Sangarra no bailó, pero situóse como una intérprete de mímica en medio de sus bailarinas, cuyos fantasiosos pasos tenían el ritmo de todos los países europeos que su raza recorre: Bohemia, Egipto, Italia y España. Se animaban al sonido de los platillos que repiqueteaban en sus brazos y a los aires de los panderos, especie de tambores que golpeaban con los dedos.
Sangarra, sosteniendo uno de esos panderos en su mano, no cesaba de hacerlo sonar, excitando a su grupo de verdaderas coribantes.

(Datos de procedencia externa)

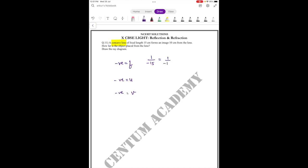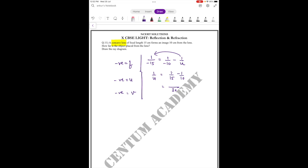Using the lens formula, 1/v minus 1/u. How far is the object placed from the lens? So 1/u equals negative 1/10 plus 1/50. The LCM is 30, giving 2 minus 3 equals negative 1.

Entonces avanzó un gitanillo, de unos quince años, llevando en la mano una cítara, cuyas dos cuerdas hacía vibrar por un simple movimiento de sus uñas, y empezó a cantar. Una bailarina que se había colocado junto a él, permaneció inmóvil escuchando; pero cuando el gitano entonó el estribillo de esta extraña canción de ritmo tan bizarro, reemprendía su interrumpida danza, haciendo sonar cerca de él su pandero y sus platillos.

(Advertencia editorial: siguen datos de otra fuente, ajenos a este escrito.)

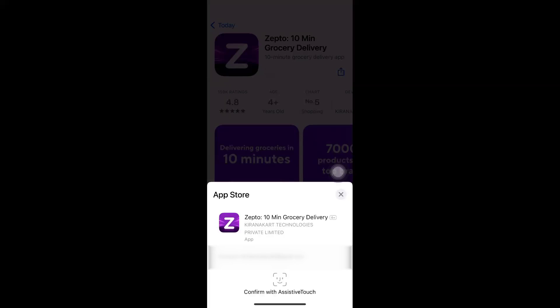Hello awesome viewers, how are you all? Welcome back. In this video we are going to discuss how we can enable double click to install and disable confirm with assistive touch.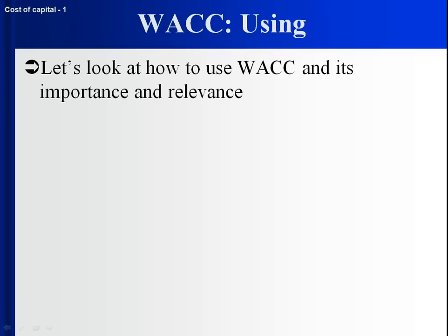Let's look at how we can use weighted average cost of capital. It's important how it's relevant. We've looked at how to compute it. Now that we've got it, what can we do with it?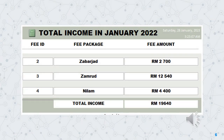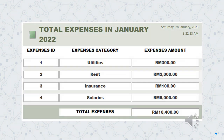After the forms, we click reports. The first report is total income in January 2022. The total income amount is RM19,640. The second report is total expenses in January 2022. The total expenses amount is RM10,400.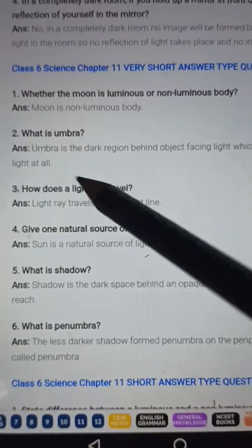Question number five: What is shadow? Answer: Shadow is the dark space behind an opaque object where light does not reach.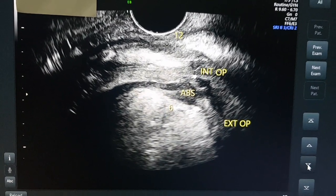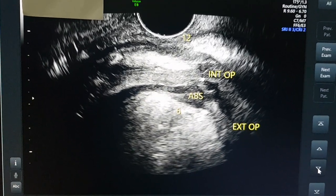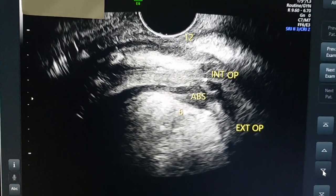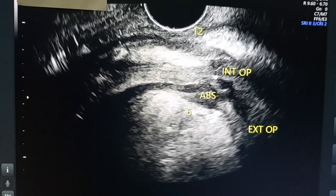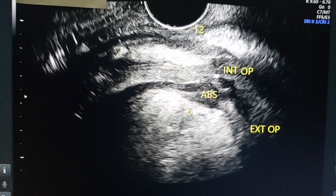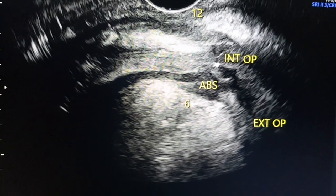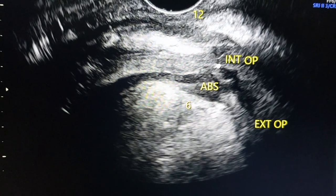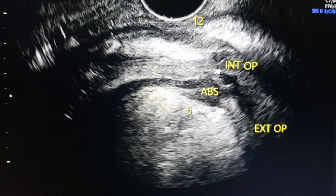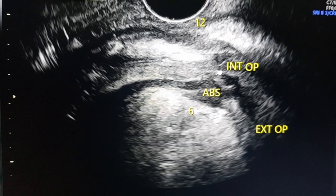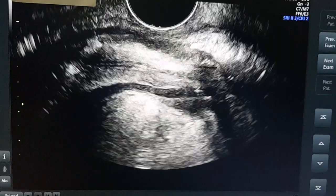Now I rotate the endocavitary probe in a sagittal plane. You can see 12 o'clock is anterior and 6 o'clock is posterior. The external opening, intersphincteric abscess, and internal opening have all been labeled. In this sagittal plane view, the external opening forms a track along the subcutaneous plane, goes into the 6 o'clock position, enters the intersphincteric plane, forms an abscess, and enters the anal canal through the internal opening.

Después del último estribillo, las bailarinas envolvieron al gitano en los mil repliegues de su danza.
En ese momento, una lluvia de oro salió de las manos del Emir y de sus aliados, de las manos de los oficiales de todo grado y, al ruido de las monedas que golpeaban los timbales de las danzarinas, se mezclaban todavía los últimos sones de las cítaras y los tamboriles.
—¡Pródigos como ladrones! —dijo Alcide Jolivet al oído de su compañero.
Era, en efecto, dinero robado el que caía a puñados, porque mezclados con los tomines y cequíes tártaros, llovían también los ducados y rublos moscovitas.